L'absence navrante de la Chine et de la Russie
Priorités contradictoires et reproches mutuels empêcheront probablement que les pays émergents reçoivent davantage d'argent pour leurs efforts climatiques, estime Lidové noviny :
«Les pays riches avaient promis dès 2009 d'octroyer aux Etats les plus pauvres 100 milliards de dollars de subventions, qui n'ont toutefois jamais été versées. Les contribuables des pays riches refuseront des promesses similaires aujourd'hui en voyant que les dirigeants russe et chinois sont absents de Glasgow. Pour la Chine, l'essor économique passe avant la lutte contre le changement climatique. Et Poutine sait que la demande en gaz continuera d'augmenter - et, par la même occasion, son influence géopolitique.»

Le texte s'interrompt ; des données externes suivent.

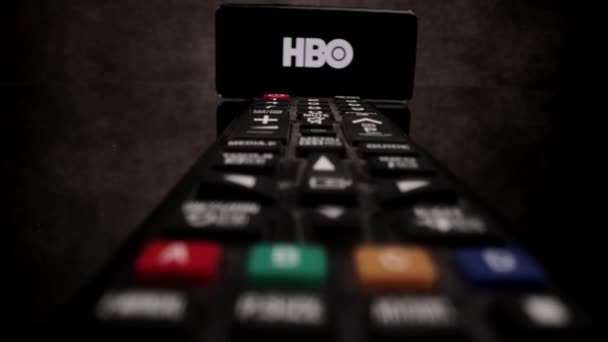 HBO Pay TV - Flight over TV Remote control - CITY OF FRANKFURT, GERMANY - MARCH 29, 2021 — Stock Video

Les pays pauvres ont besoin de temps
Pour Financial Times, la date annoncée par l'Inde se justifie :
«Alors que de nombreux Etats occidentaux se fixent 2050 comme délai, le gouvernement indien souligne à juste titre que ces pays se sont servis des énergies fossiles pendant des décennies, pour ne pas dire des siècles, afin d'élever leur niveau de vie. C'est une évolution dont des millions de ruraux pauvres en Inde - souvent tributaires de générateurs diesel - commencent à peine à bénéficier. La part de l'Inde dans la hausse des émissions de CO2 au cours de l'histoire est bien plus faible que celle d'autres pays. Et si elle apparaît dans le haut du classement mondial en termes d'émissions absolues, cela est aussi lié à sa population plus importante. De par sa pauvreté relative, le niveau de ses émissions par habitant la place en revanche en bas de tableau.»
Là où tout a commencé
Ironie de l'histoire, la communauté internationale se réunit là où avait débuté l'industrialisation au XVIIIe siècle, fait remarquer Tportal :
«Le gouvernement britannique se cherchant un nouveau rôle dans le monde après le chaos du Brexit, il place de grands espoirs dans la conférence. Il est éminemment symbolique qu'elle se déroule à Glasgow, ville dans laquelle James Watt avait inventé la machine à vapeur (dont le moteur à combustion fonctionnait au charbon), marquant le début de la révolution industrielle, il y a de cela deux siècles et demi. ... Mais après le maigre bilan du sommet du G20 le week-end dernier, on ne sait pas bien quelle avancée escompter de la COP26.»